Alan Kay to return as COFES keynote

Kay is the inventor of object-oriented programming and considered the father of portable computing. Now he wants to re-invent programming to cope with its increased complexity. 

The visionary, award winning Dr. Alan Kay will give the main keynote presentation at COFES 2012, the Congress on the Future of Engineering Software. This marks the first time a COFES keynote speaker returns for a second round as the marque speaker; he first visited COFES in 2003.

Among those who created the foundations of modern computing, Kay is one of the giants. He is the father of object-oriented programming—the basis for all modern engineering software. He created the conceptual bases for laptop and tablet computers and e-books, and is the architect of the modern overlapping windowing graphical user interface. Among his many honors, Kay is the recipient of the ACM Turing Award, the Kyoto Prize, and the Charles Stark Draper Prize, all among the highest distinctions in the fields of computer science and engineering.

Dr. Alan Kay

Currently Kay is president of Viewpoints Research Institute, a nonprofit organization dedicated to both improving “powerful ideas education” for the world’s children and to advancing the state of systems research and personal computing. Many of the Institute’s themes co-evolved with the inventions of networked personal computers, graphical user interfaces and dynamic object-oriented programming.

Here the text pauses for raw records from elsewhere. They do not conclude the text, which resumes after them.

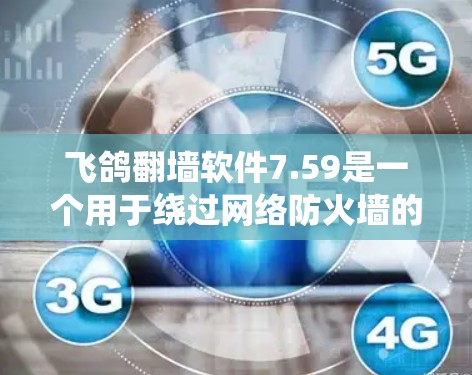 飞鸽翻墙软件7.59是一个用于绕过网络防火墙的工具,允许用户访问被限制访问的网站。以下是对该软件的详细分析和建议
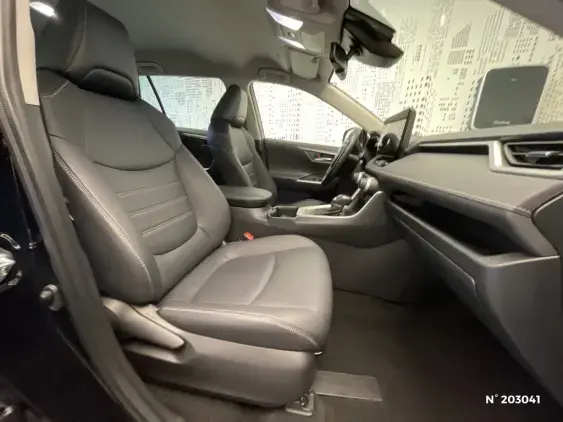 TOYOTA RAV4 V - voiture d'occasion - Photo 10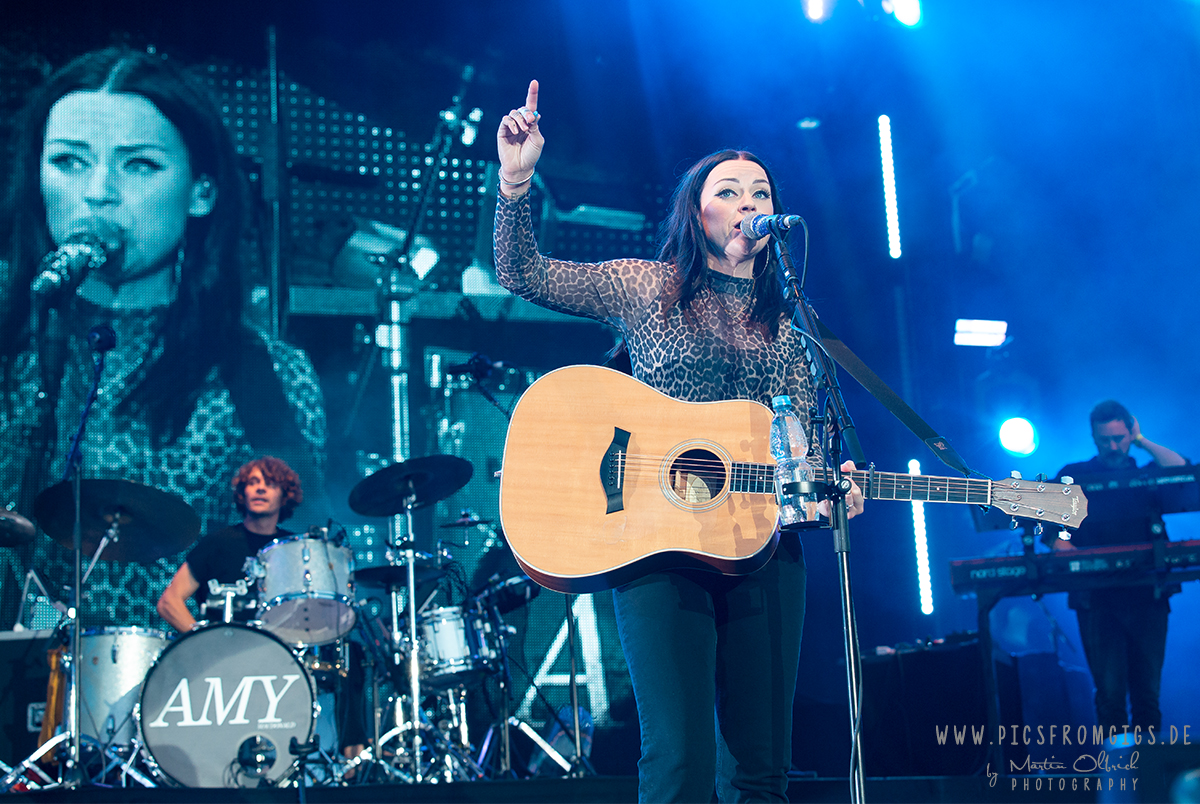 Bilder Von Amy Macdonald Bei Den Jazz Open 2021 In Stuttgart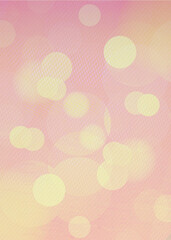 Bokeh background for Banner, Poster, Holidays, Ad, Event Celebrations and various design works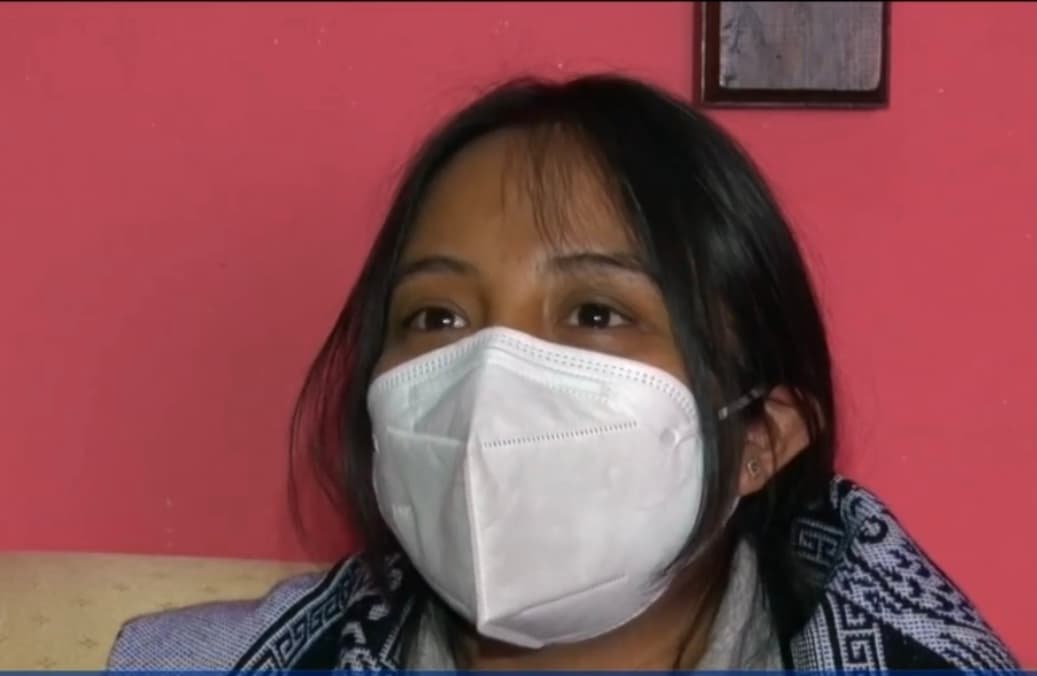 Ahora, ya con su niño en sus brazos y tras haber salvado su vida, Madelyn de la Cruz cree firmemente que ha sido una bendición la forma en la que su hijo llegó a este mundo.
<b> “Como el nacimiento del niño Jesús, entre los animalitos”</b>, cuenta risueña.
<br>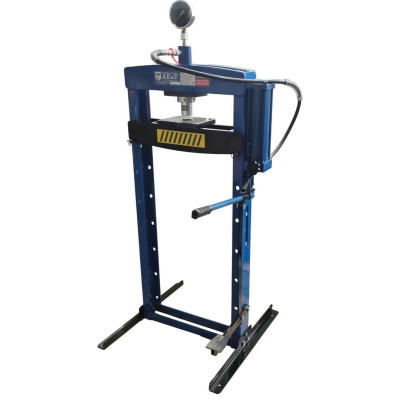 Пресс гидравлический с ножным приводом AE&T T61212TF (12т)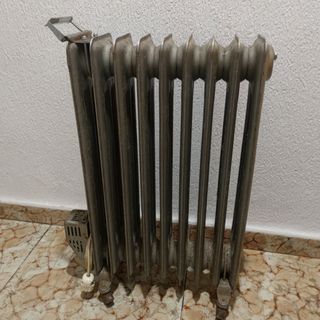 Estufa eléctrica de aceite Fagor, de hierro 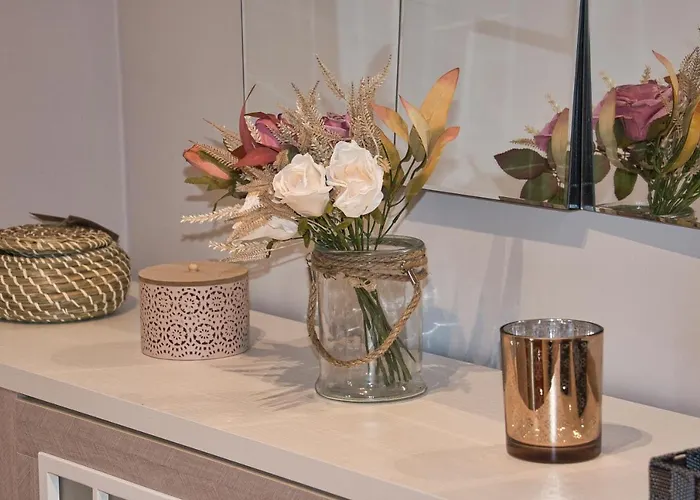 La De Lore, Piso Completo Apto 6 Personas Con Garaje Apartamento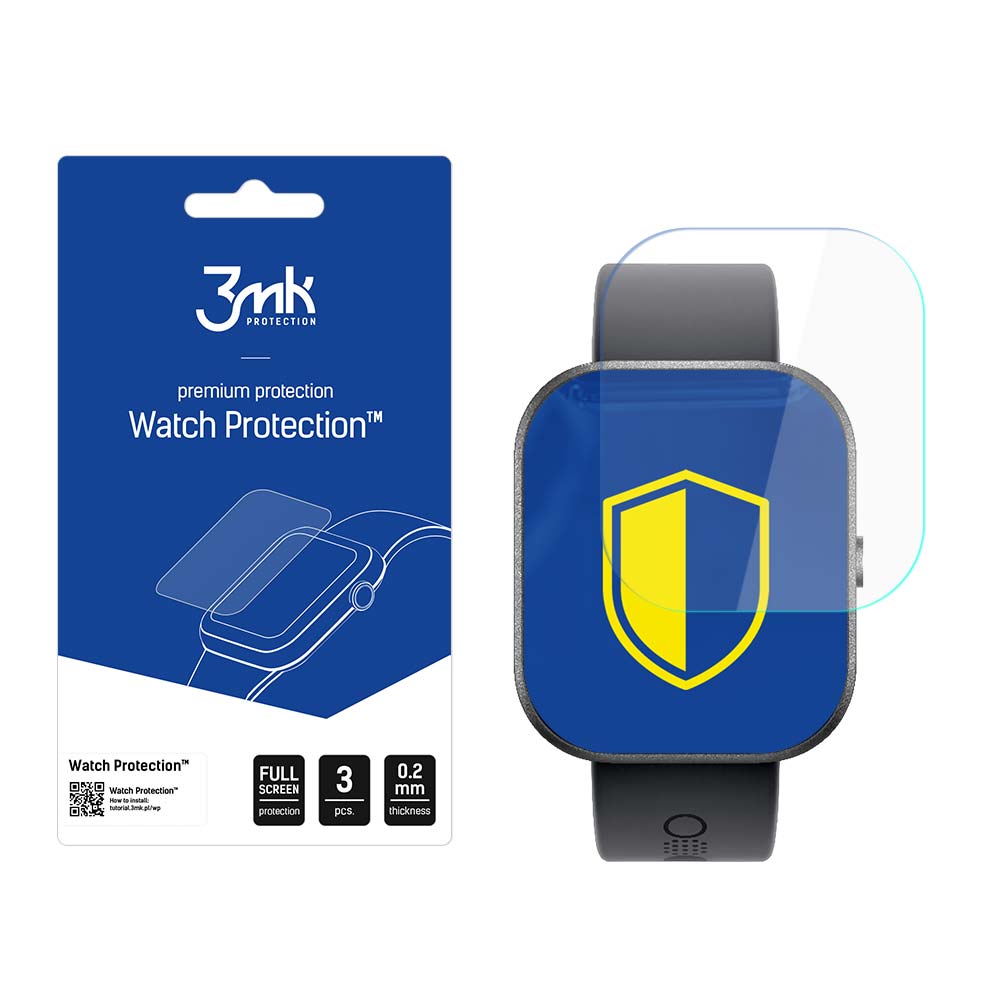 3mk Watch Protection™ v. ARC+ aizsargplēve Nothing Watch Pro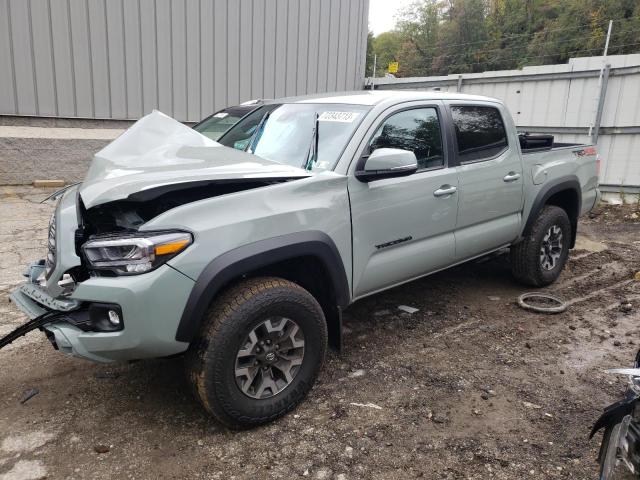 Изображение 1 2023 TOYOTA TACOMA DOUBLE CAB 2023 с VIN 3TMCZ5ANXPM614328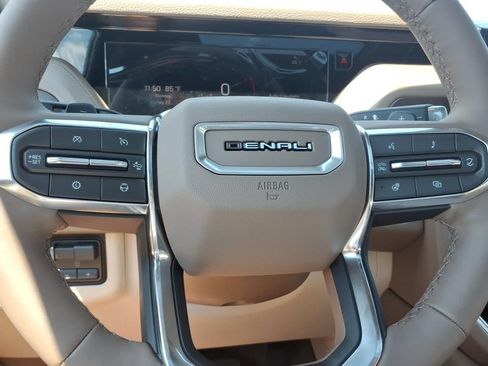 New 2026 GMC Yukon Denali w/ Advanced Technology Package AWD/4WD image 20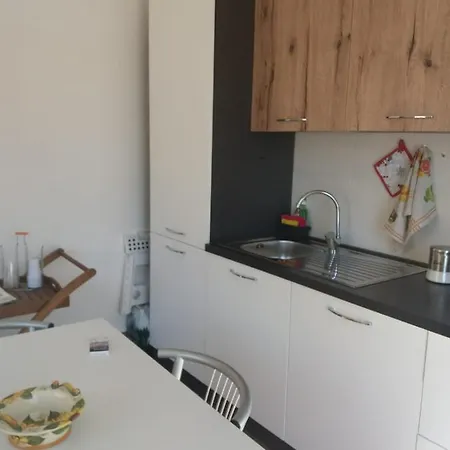 Casa Vacanze Raggio Di Sole Holiday home
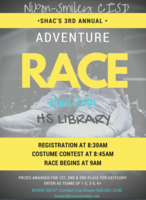 3rd Annual Adventure Race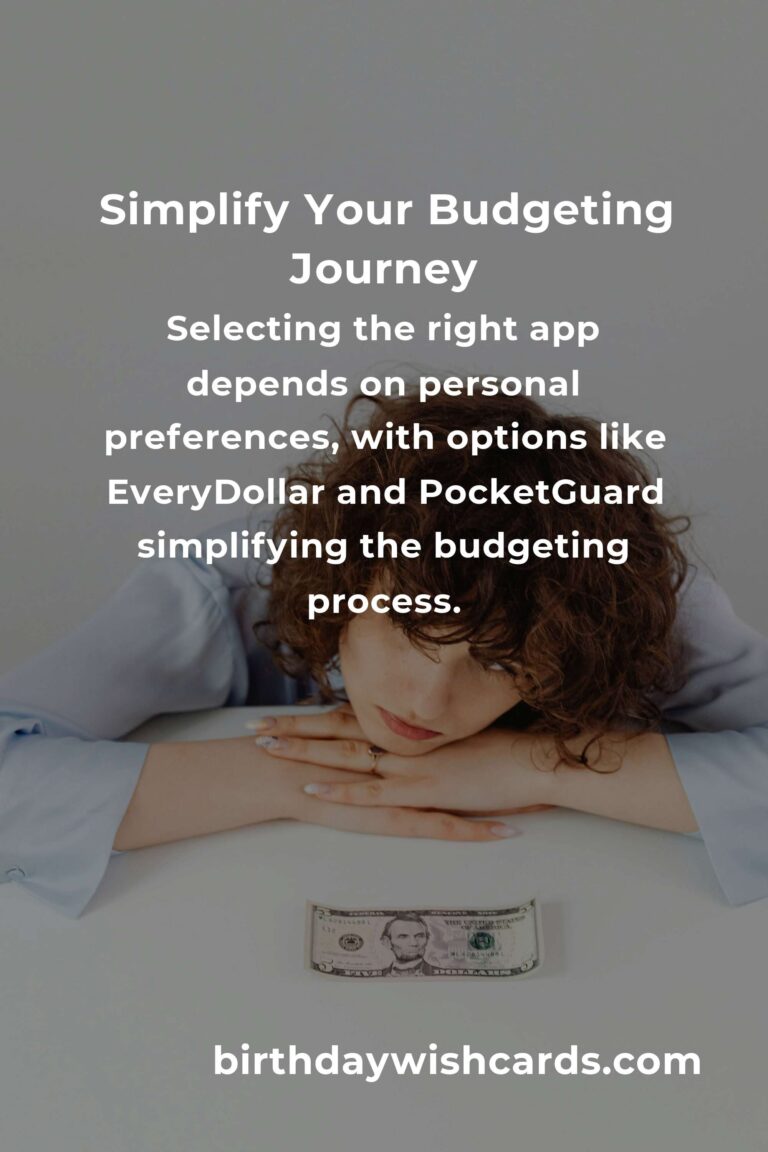 Empower Your Finances: Best Budgeting Apps for Teachers
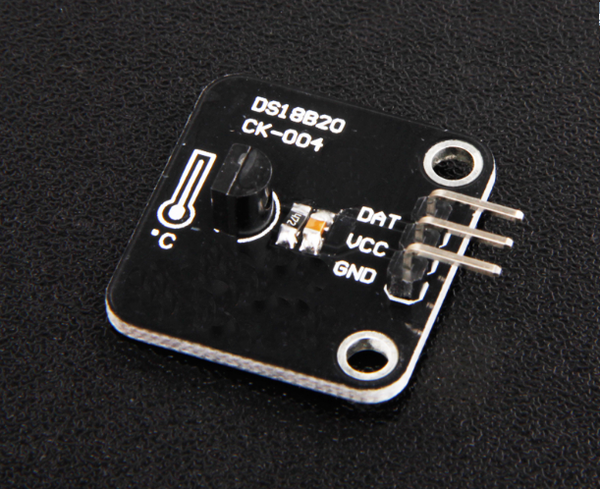 아두이노 이지보드 DS18B20 온도 센서 모듈 Temperature Sensor JK-0336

Regarding the need to re-invent programming, Kay maintains that over time, increasingly complex needs have led to the creation of increasingly complex software, built in an incremental fashion—code on top of code. This process, particularly evident in the realm of engineering software, has led to program structures that can be hundreds of millions of lines of code that is intractable to change, redesign, and understanding. At COFES, Kay will discuss research towards reinventing programming—from scratch—to overcome this problem.

“Alan Kay is one of a handful of computing pioneers whose visionary ideas have changed the world as we know it today,” said Brad Holtz, president and CEO of Cyon Research Corporation. “His recent research is of critical importance in the field of engineering software, where program complexity creates massive risk. The concepts he will be presenting at COFES could literally transform the industry.”

Kay’s 2003 COFES keynote address on new research in visual computing still stands as the only time a COFES keynote presentation was extended due to audience demand.